La France n’a pas manqué d’engrais mais leurs prix de vente ont dissuadé les agriculteurs d’acheter les quantités nécessaires pour fertiliser leurs cultures. Selon Agreste, moitié moins d’engrais phosphatés et potassiques ont été achetés depuis le mois de mai 2022 alors que les livraisons avaient déjà diminué de 22 % la campagne précédente. Or faire l’impasse sur la fertilisation des sols les appauvrira à terme.
La crise sanitaire et le conflit en Ukraine ont mis en exergue la dépendance de l’industrie française de la nutrition des plantes à l’égard des importations de matières premières pour fonctionner. Elle a subi conjointement la flambée des cours de la potasse, du gaz, de l’ammoniac et des carburants. Et elle est concurrencée par les importations de fertilisants, meilleur marché, fabriqués dans des pays où l’énergie est moins chère. Aux Etats-Unis et en Egypte notamment.
Or la production française d’engrais est un des piliers de la souveraineté de la ferme France et par conséquent à la souveraineté alimentaire de notre pays. Pas d’engrais, pas de rendements. Et pas de rendements, pas de production agricole !
« A l’avenir, on a besoin de sécuriser notre approvisionnement d’engrais en termes de prix et de volumes », explique Benjamin Lammer, président de la FOP.

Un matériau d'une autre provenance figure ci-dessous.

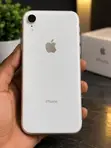Apple iPhone XR 64GB Fari - 2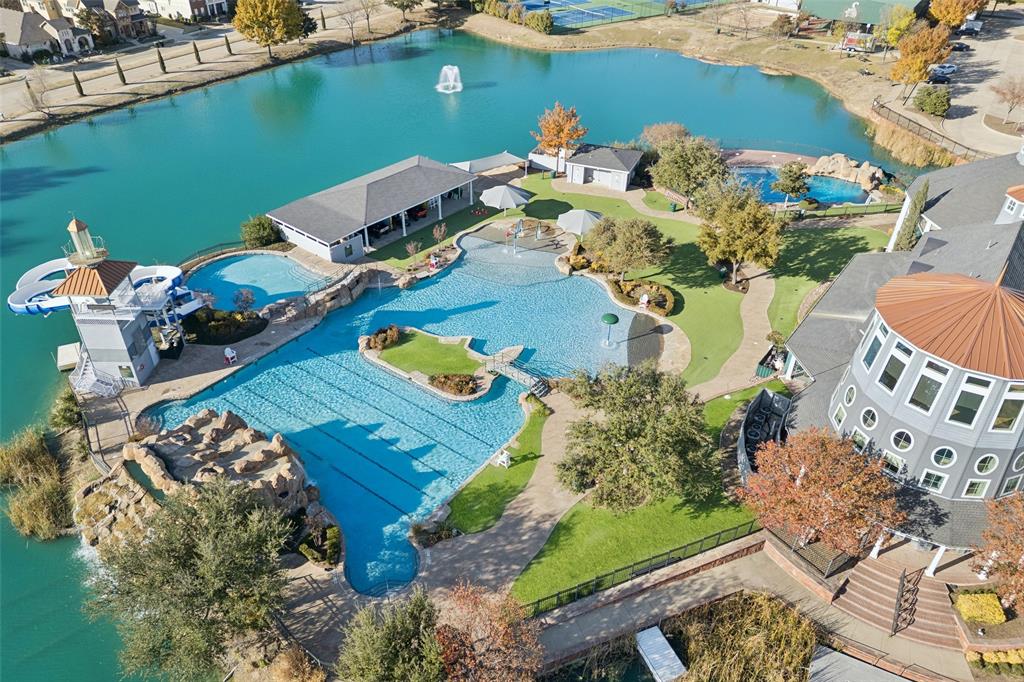 Savannah Ph 2 - Residential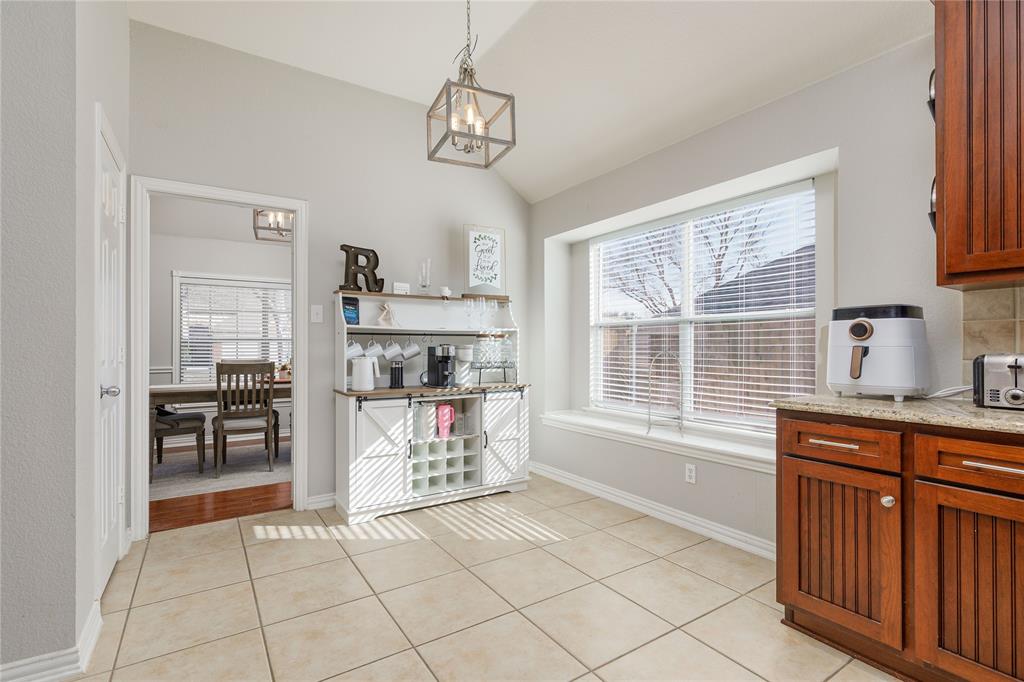 Fountainview Ph Two - Residential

La proximité des usines de fabrication d’engrais avec les bassins de production est d’ores et déjà un atout pour réduire leur empreinte carbone de l’industrie. Les engrais doivent pouvoir continuer à être produits à proximité des agriculteurs pour réduire les coûts de transport.
Lors de la table ronde « La nutrition des plantes et la santé des plantes : une industrie de proximité essentielle à le ferme France » organisée par l’Unifa réunie en assemblée nationale, Delphine Guey, présidente de du syndicat, s’est réjouie d’apprendre que le président de la République souhaite encourager le développement de de la production d’engrais en France afin qu’elle équivaut à 51 % de la consommation nationale d’engrais. L’hydrogène ou l’électricité bas-carbone (nucléaire ou renouvelable) seraient les sources d’énergie employées pour produire les quantités d’engrais supplémentaires (des nitrates en particuliers).
Lors de la table ronde, les participants ont tenté de bâtir la feuille de route de la décarbonation des industries de la fertilisation des plantes.
« La décarbonation ce n’est pas la décroissance. Mais pour la réussir, il faut définir une stratégie et planifier les objectifs avec un horizon de plusieurs années », défend Dominique Chargé, président de la Coopération française.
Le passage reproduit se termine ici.